Shares of Class A common stock subject to mandatory redemption (if any) are
classified as liability instruments and are measured at fair value. Shares of
conditionally redeemable Class A common stock (including shares of Class A
common stock that feature redemption rights that are either within the control
of the holder or subject to redemption upon the occurrence of uncertain events
not solely within our control) are classified as temporary equity. At all other
times, shares of Class A common stock are classified as stockholders' equity.
All of the Public Shares feature certain redemption rights that are considered
to be outside of our control and subject to the occurrence of uncertain future
events. Accordingly, as of both September 30, 2021 and December 31, 2020,
50,000,000 shares of Class A common stock subject to possible redemption are
presented as temporary equity outside of the stockholders' equity section of our
balance sheets. We recognize any subsequent changes in redemption value
immediately as they occur and adjust the carrying value of redeemable Class A
common stock to the redemption value at the end of each reporting period.
Immediately upon the closing of the Initial Public Offering, we recognized the
accretion from initial book value to redemption amount value of redeemable Class
A common stock. This method would view the end of the reporting period as if it
were also the redemption date for the security. The change in the carrying value
of redeemable Class A common stock also resulted in charges against Additional
paid-in capital and Accumulated deficit.
Net Income (Loss) Per Share of Common Stock
We comply with the accounting and disclosure requirements of ASC 260, Earnings
Per Share. Net income (loss) per share of common stock is computed by dividing
net income (loss) applicable to stockholders by the weighted average number of
shares of common stock outstanding for the applicable periods. We apply the
two-class method in calculating earnings per share. Accretion associated with
the redeemable shares of Class A common stock is excluded from earnings per
share as the redemption value approximates fair value.

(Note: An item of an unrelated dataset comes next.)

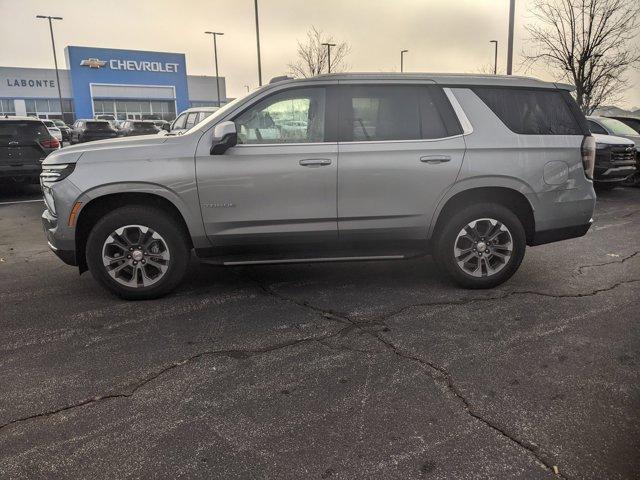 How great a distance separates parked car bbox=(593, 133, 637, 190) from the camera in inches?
429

We have not considered the effect of the warrants to purchase an aggregate of
16,999,999 shares of Class A common stock sold in the Initial Public Offering
and Private Placement in the calculation of diluted earnings per share, since
their inclusion would be anti-dilutive under the treasury stock method. As a
result, diluted earnings per share of common stock is the same as basic earnings
per share of common stock for the periods presented.
Off-Balance Sheet Arrangements and Contractual Obligations
As of September 30, 2021, we did not have any off-balance sheet arrangements as
defined in Item 303(a)(4)(ii) of Regulation S-K and did not have any commitments
or contractual obligations.
Recent Accounting Pronouncements
See Note 2-"Summary of Significant Accounting Policies" to our unaudited
condensed financial statements in Part I, Item 1 of this Quarterly Report on
Form 10-Q for information regarding recent accounting pronouncements.